*** Begin section ***
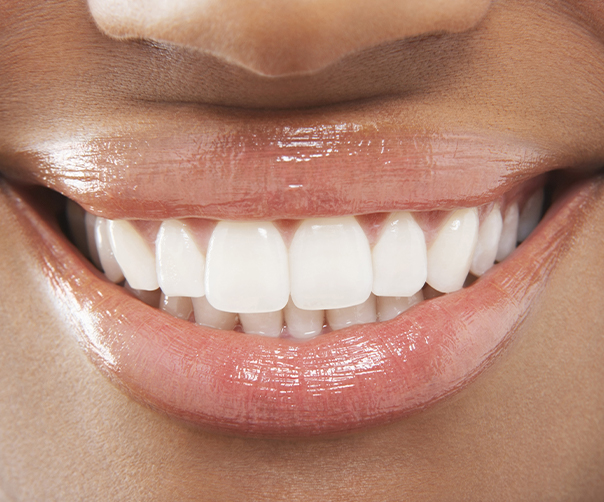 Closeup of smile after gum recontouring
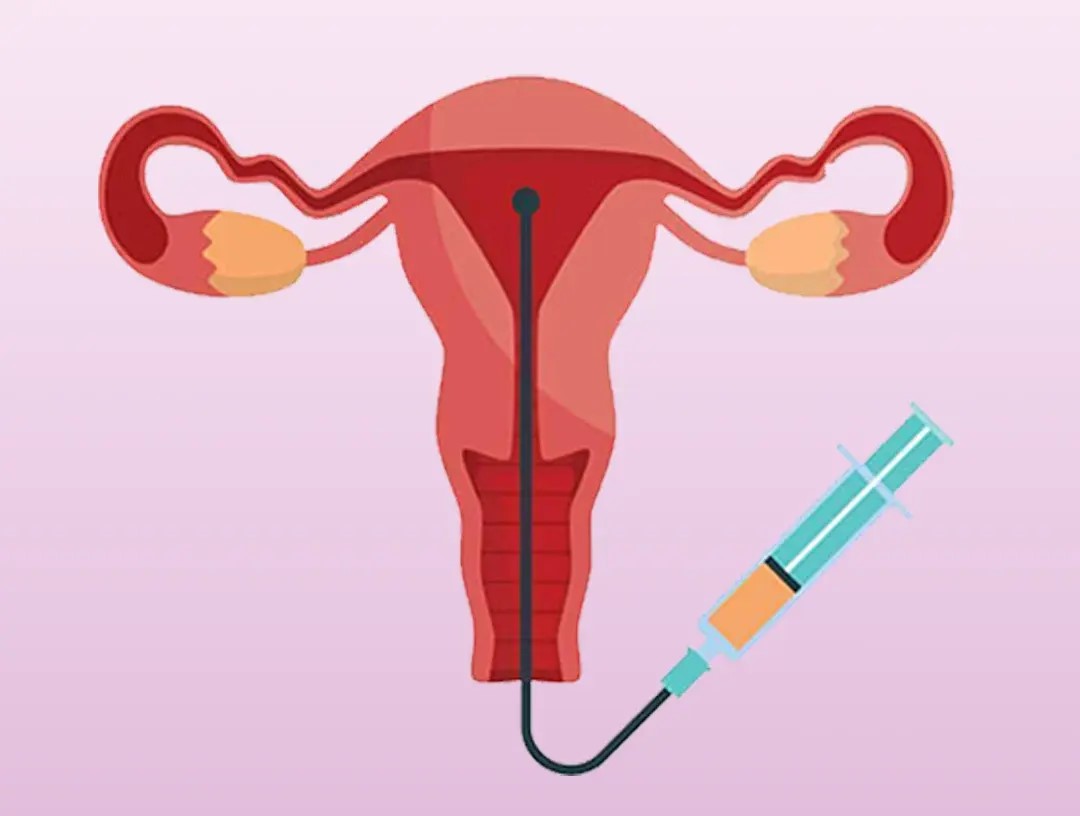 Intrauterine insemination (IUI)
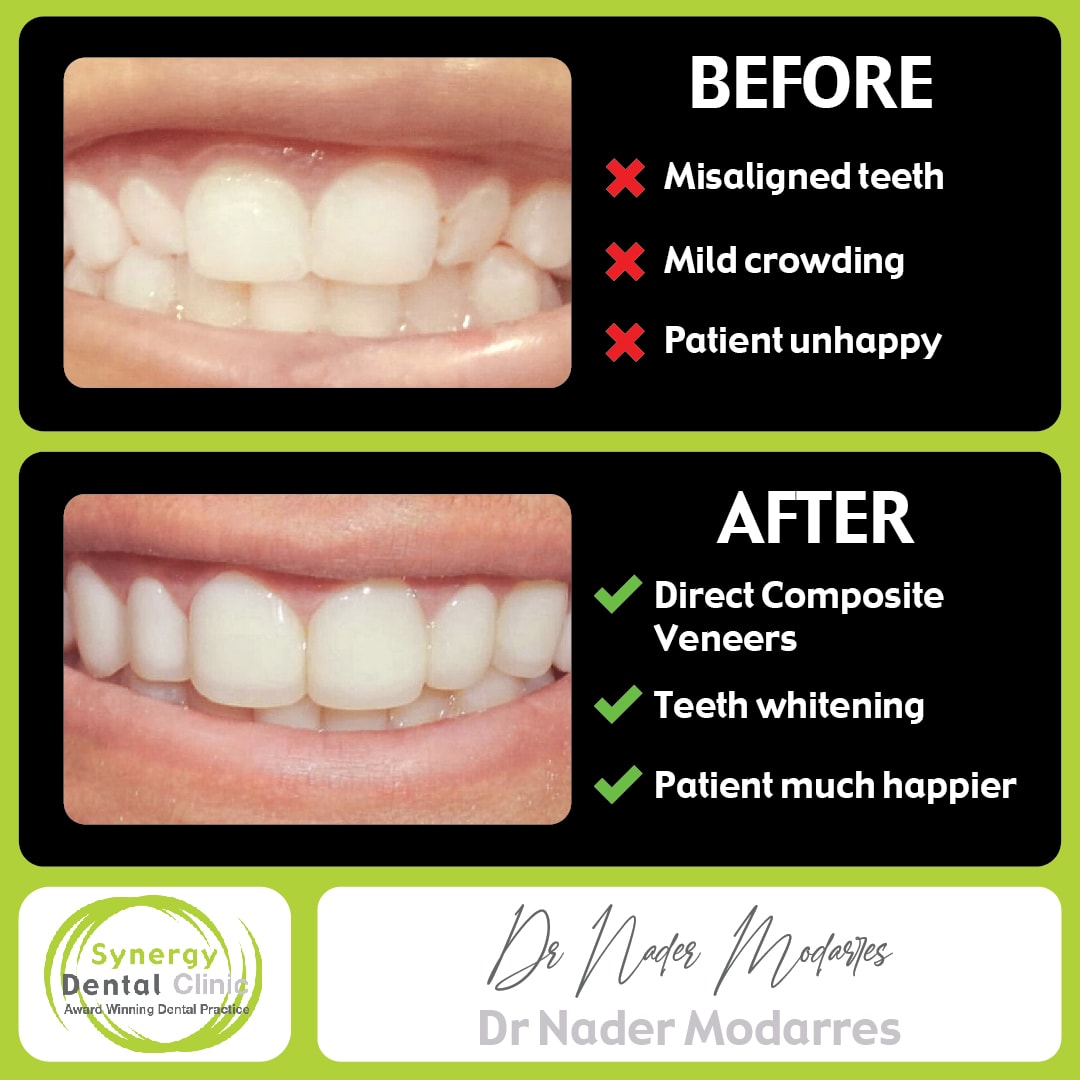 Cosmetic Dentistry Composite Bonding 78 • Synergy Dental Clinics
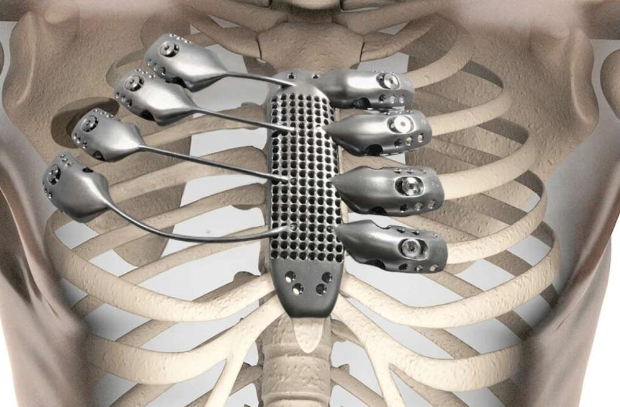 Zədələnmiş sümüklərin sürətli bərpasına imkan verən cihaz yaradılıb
*** End section ***
AIM OF THE TASK:
All of the data above should be transcribed verbatim, with pictures omitted.

YOUR SOLUTION:
 Closeup of smile after gum recontouring
 Intrauterine insemination (IUI)
 Cosmetic Dentistry Composite Bonding 78 • Synergy Dental Clinics
 Zədələnmiş sümüklərin sürətli bərpasına imkan verən cihaz yaradılıb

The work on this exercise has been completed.